• [EXERCISE BRIEF]: Return nothing but the lines from the one containing "Used 2017 INFINITI QX30 image 12" through the end of the records below, exactly as they stand and without pictures.

• [STORED DATA]:
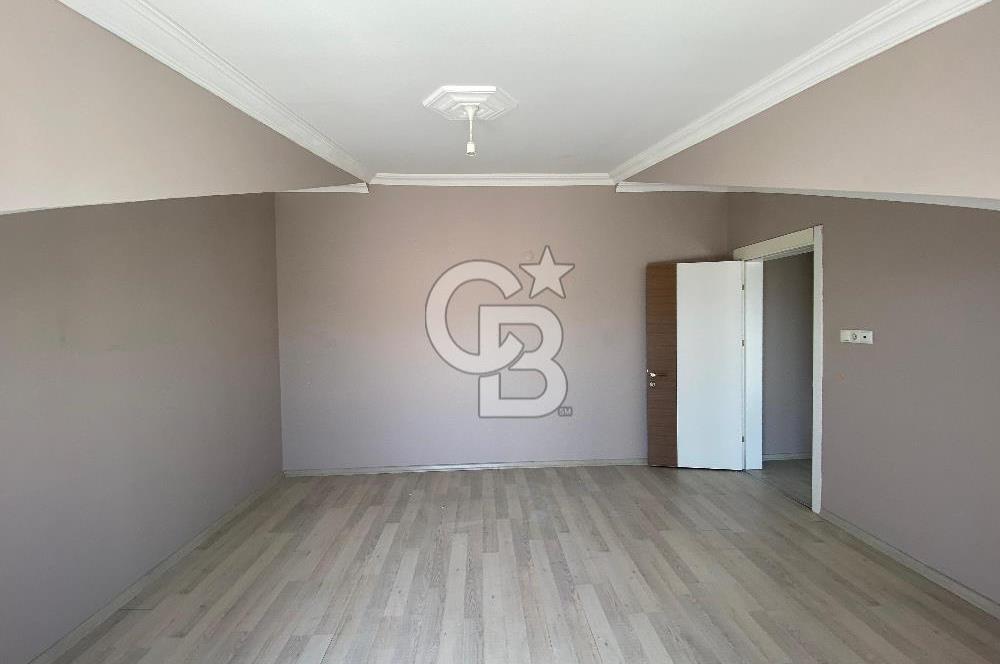 KOCAELİ KARTEPE FSM'DE CADDE ÜZERİ KİRALIK DUBLEKS DAİRE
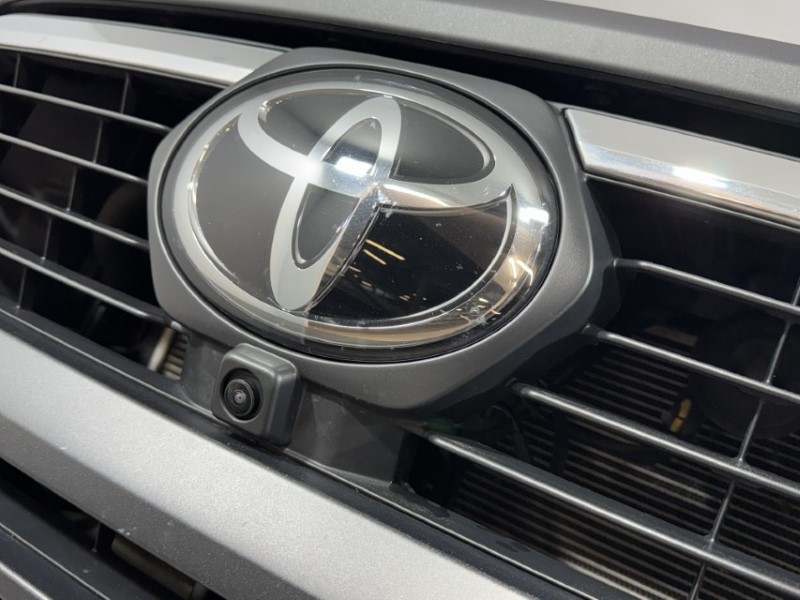 2025 (74) TOYOTA COMMERCIAL HILUX Invincible X D/Cab Pick Up 2.8 D 48V Auto 5380565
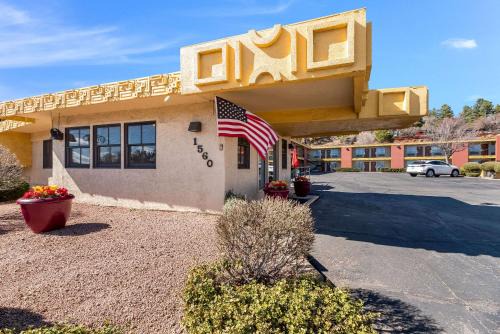 Flagstaff Cabin | Kings House Motor Hotel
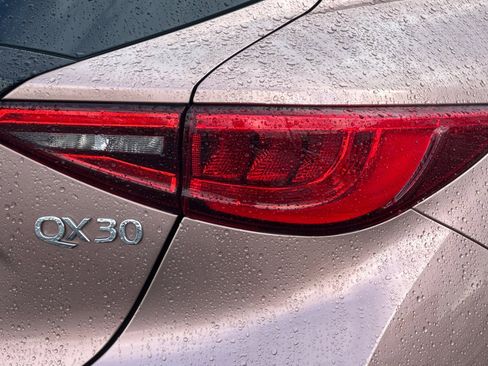 Used 2017 INFINITI QX30 image 12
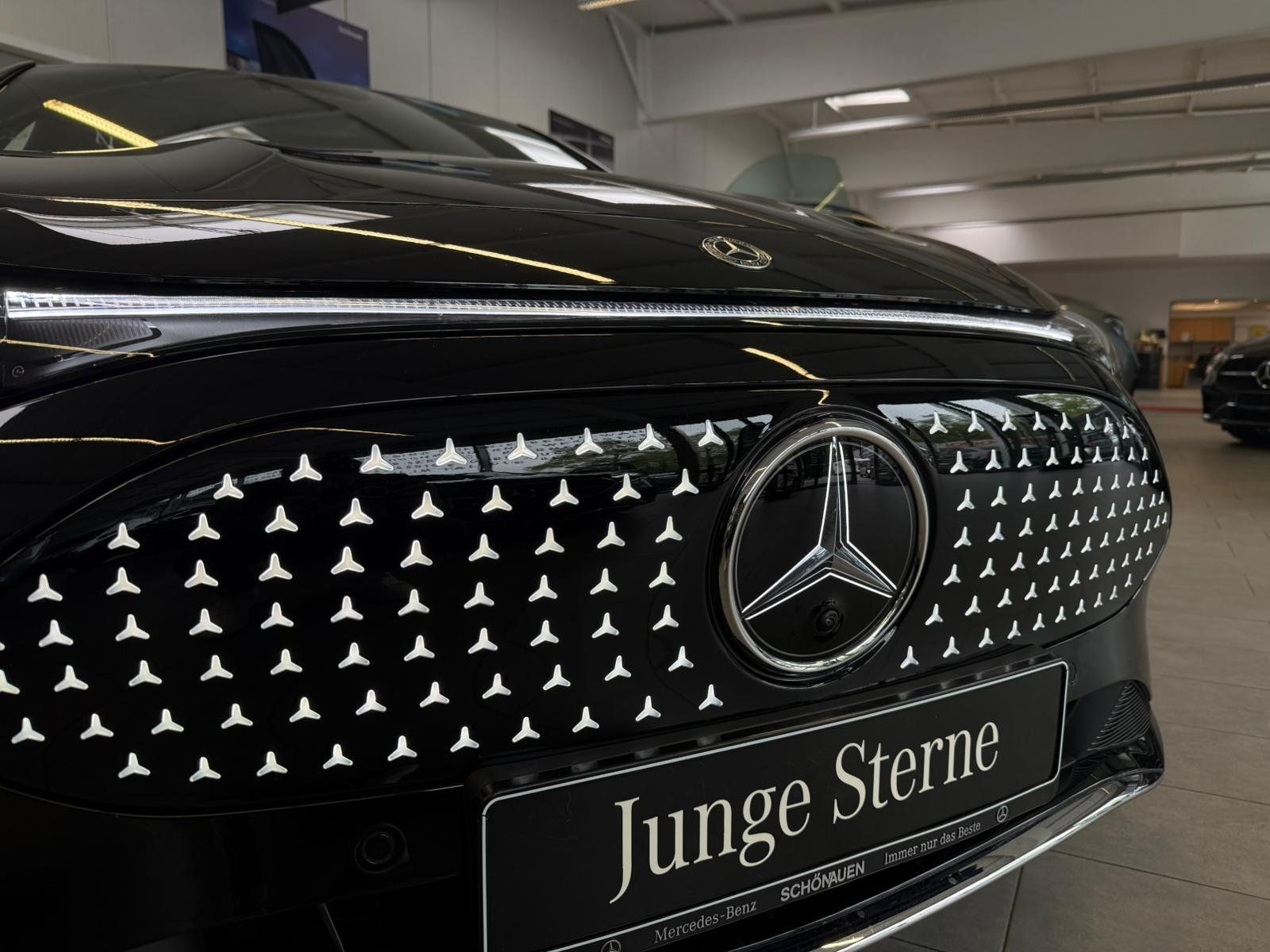 Fahrzeugabbildung Mercedes-Benz CLA 250+ EQ DISTR+BURM3D+PANO+KEYLESS+MBEAM+HUD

• [EXERCISE ANSWER]:
 Used 2017 INFINITI QX30 image 12
 Fahrzeugabbildung Mercedes-Benz CLA 250+ EQ DISTR+BURM3D+PANO+KEYLESS+MBEAM+HUD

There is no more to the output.